David Thorpe is a proud gay man. He marches in gay rights parades, he makes movies with his gay friends, and while just freshly out of a relationship, he’d like to be in love with another gay man someday.
The only problem? He gets bothered by the sound of a gay man’s voice, including his own. In the thought-provoking but too often unfocused documentary “Do I Sound Gay?” Thorpe recalls riding on a train full of gay men heading to Fire Island, and being irritated by the sound of their chatter. (Like “braying ninnies,” he puts it.) Even worse, he hears the same cadences coming out of his own mouth, and feels “out of sync” with his own voice. Of course, the very idea of a “gay voice” is a stereotype, but that’s sort of the point.

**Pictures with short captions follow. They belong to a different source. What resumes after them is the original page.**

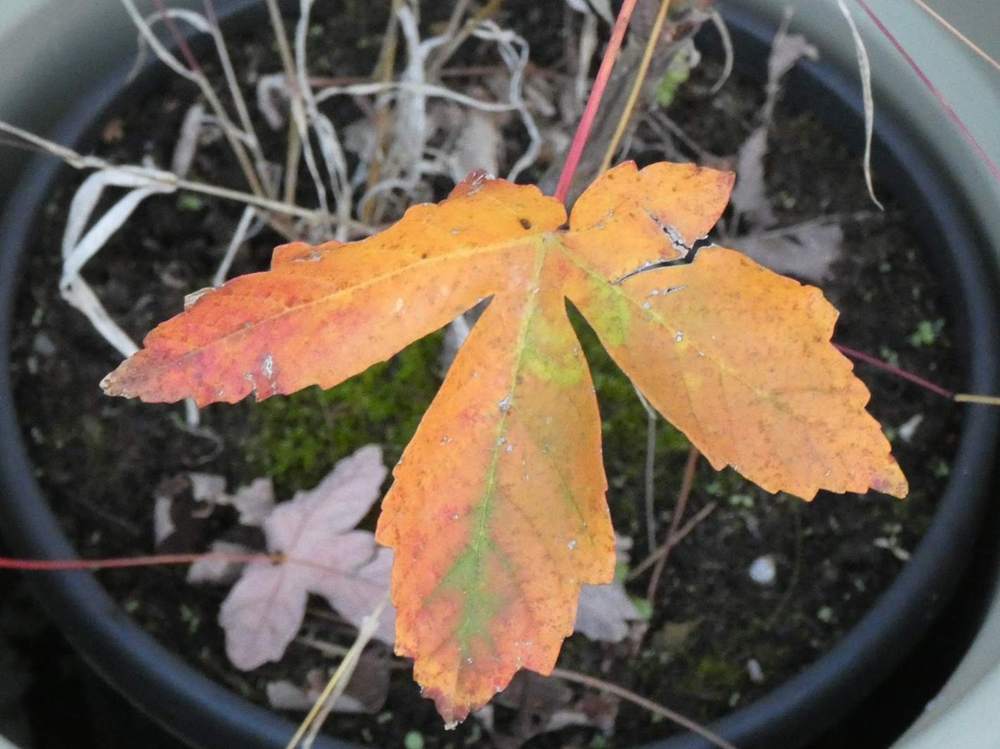 automne de aceraceae acer griseum X pseudoplatanus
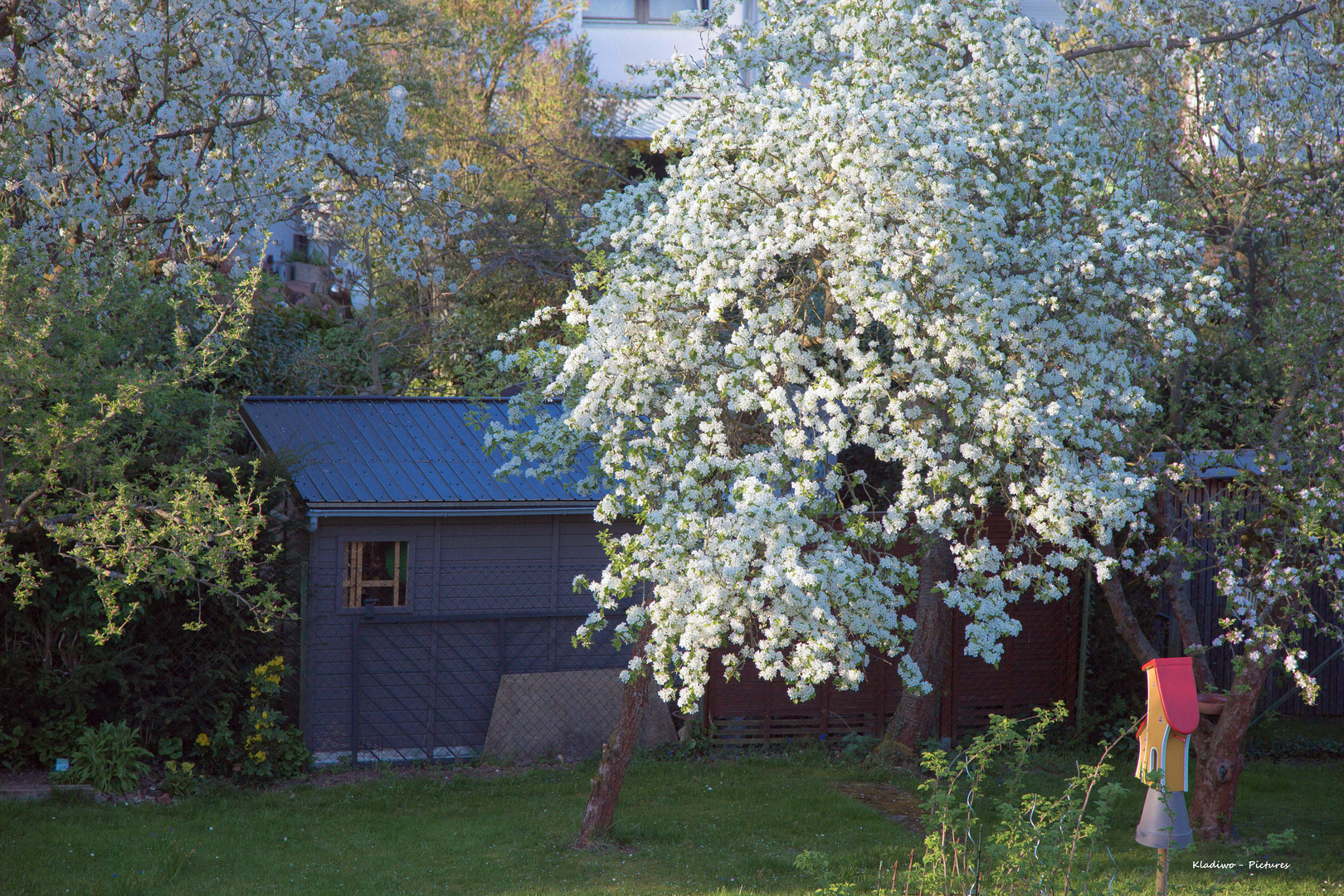 Frühling 18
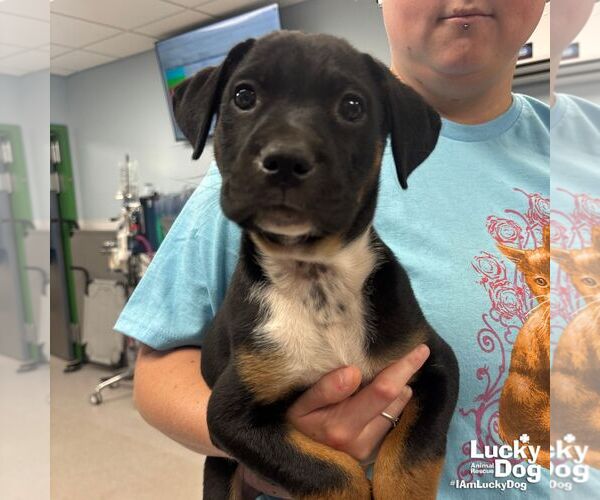 Medium Photo #1 Labrador Retriever-Unknown Mix Puppy For Sale in Washington, DC, USA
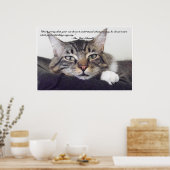 Cat Spaß Poster (Küche)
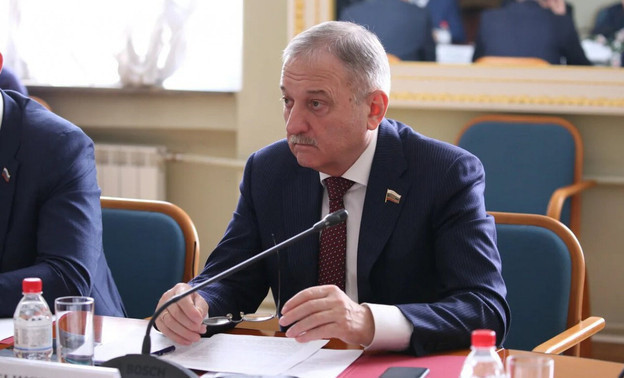 Петицию за отставку Быкова передали губернатору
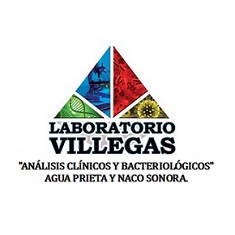 Laboratorio Villegas Análisis Clínicos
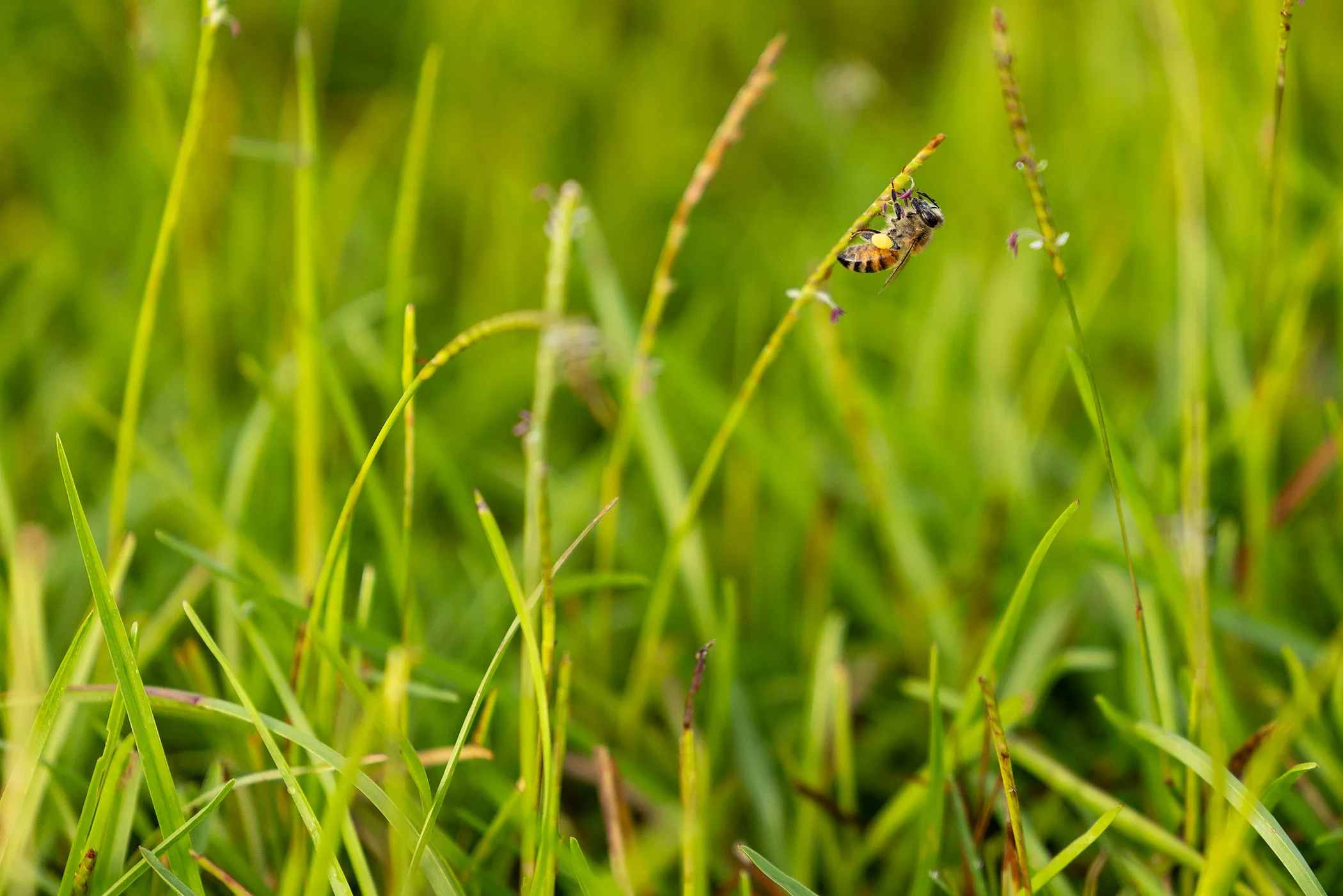 Close up of a bee on a blade of grass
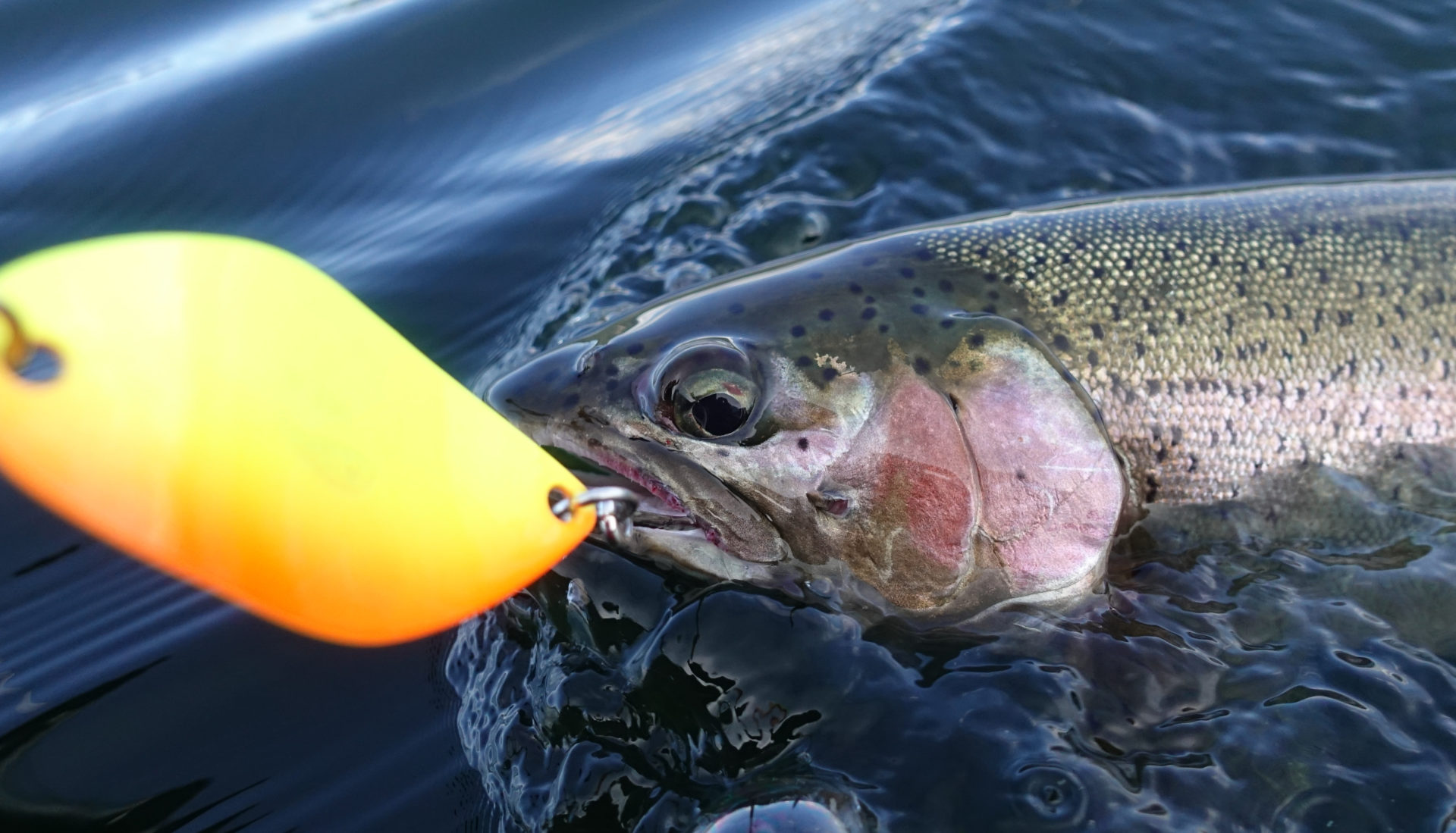 When matching the hatch doesn’t work, having a couple of funky- coloured spoons can help get those picky fish to strike.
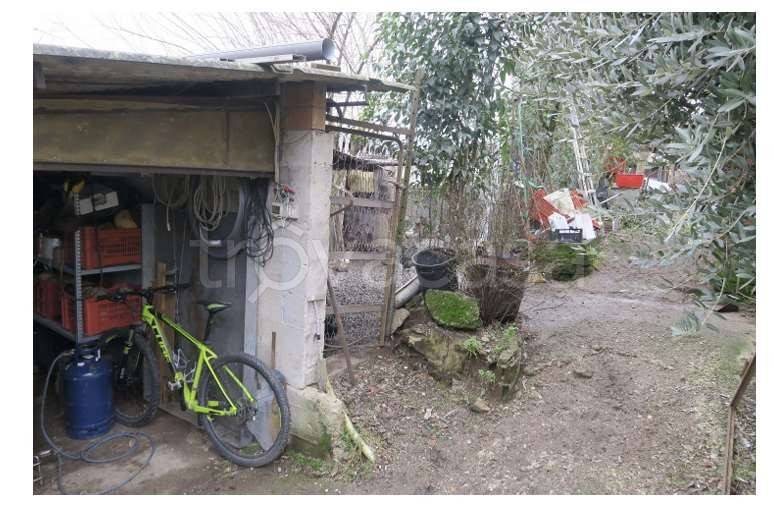 immagine annuncio 4 di 7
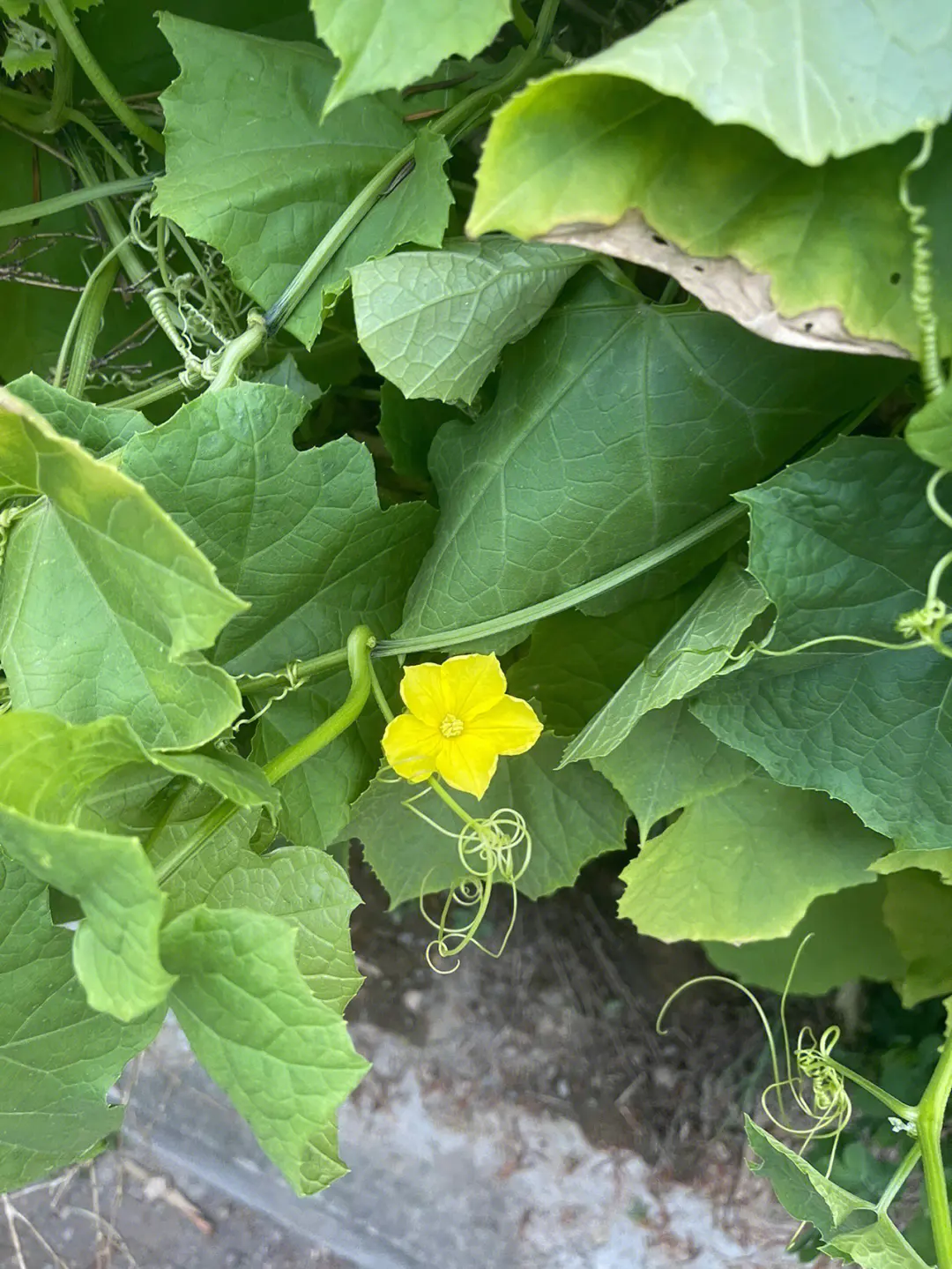 絲瓜不開花不結果的五大元兇,你中招了嗎?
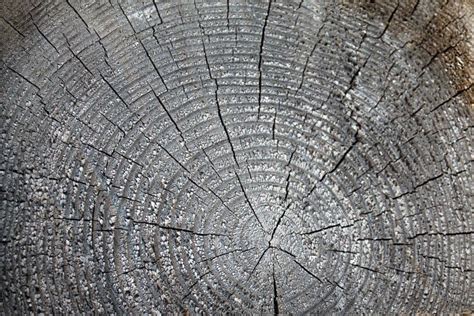 La Vieja Textura De Madera Con Los Modelos Naturales Secci N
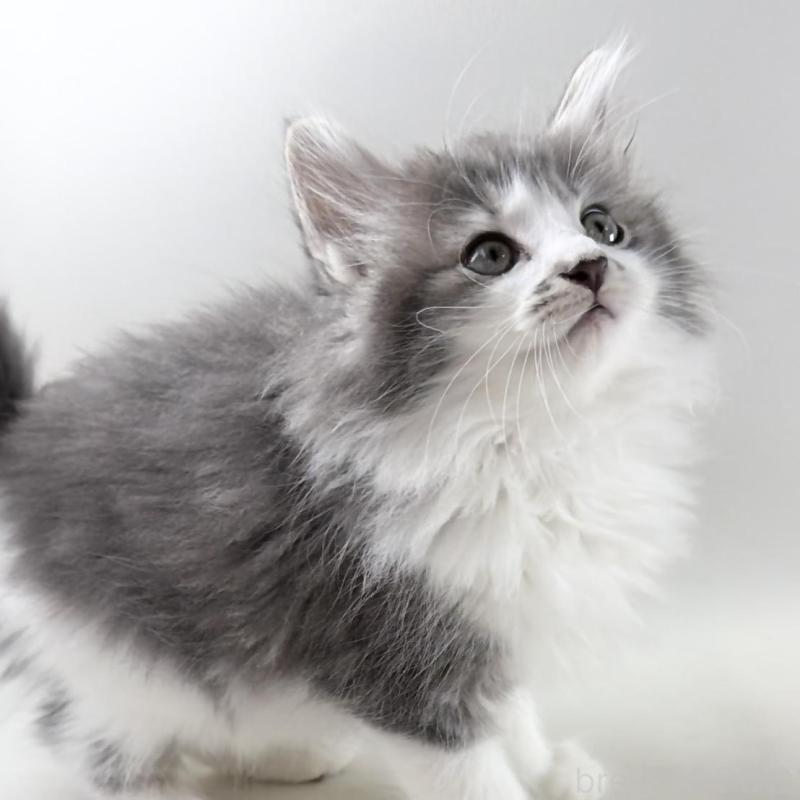 販売中の福岡県のノルウェージャンフォレストキャット-131572の2枚目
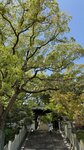IMG_5782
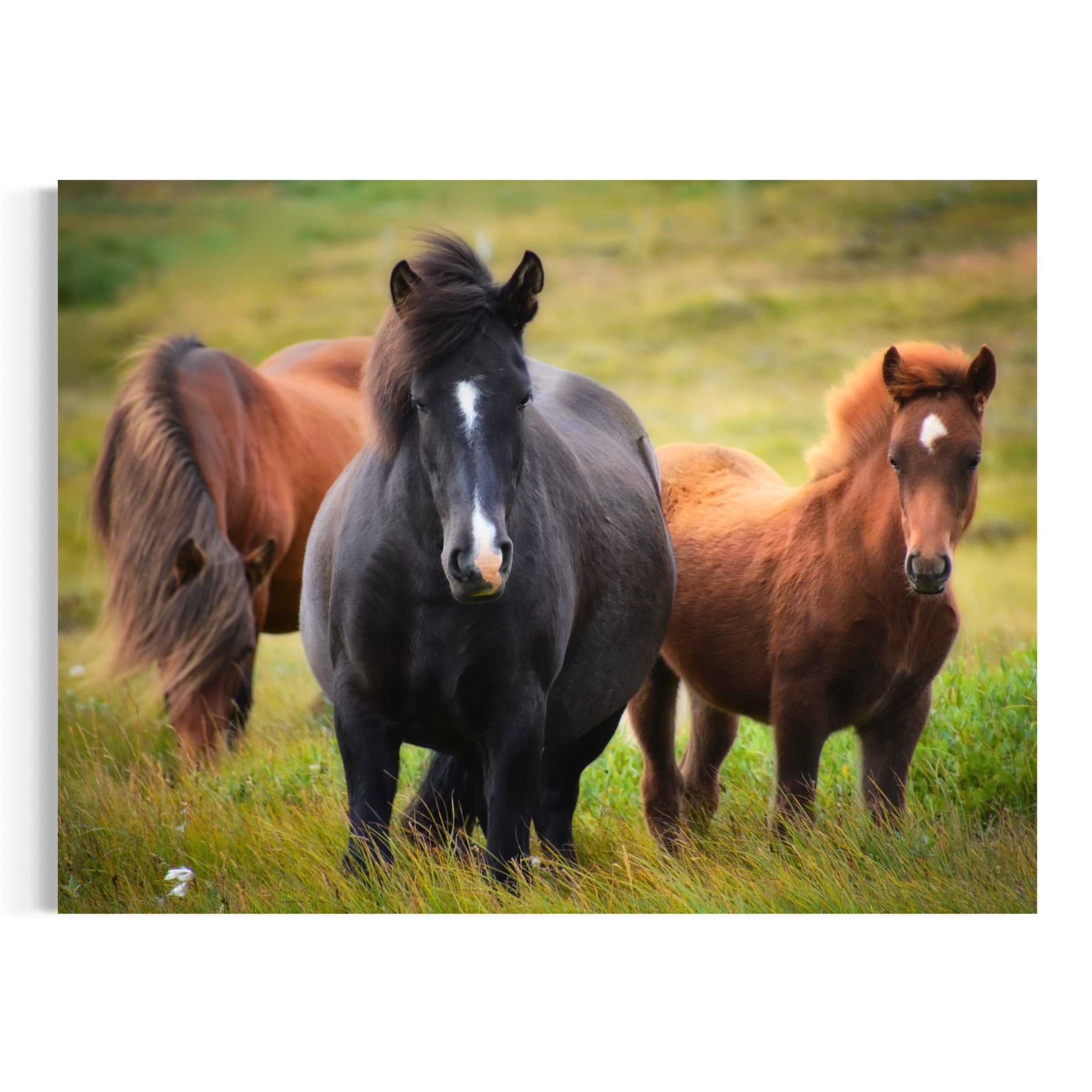 Meadow Companions - Moderno Wall Art Wall Art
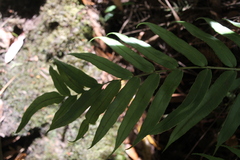 Blechnum gregsonii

Thorpe’s personal documentary at first seems like it’s taking on a narrow, even shallow topic — why do so many gay men sound the way they do? But it quickly and intriguingly finds itself in much deeper waters, as Thorpe’s questions about his voice lead him to questions about his identity, how others perceive him, how he wants to be perceived. I don’t think the film convincingly finds its way back out of those waters, and an upbeat finale feels a little too pat. But it raises questions that few documentaries would.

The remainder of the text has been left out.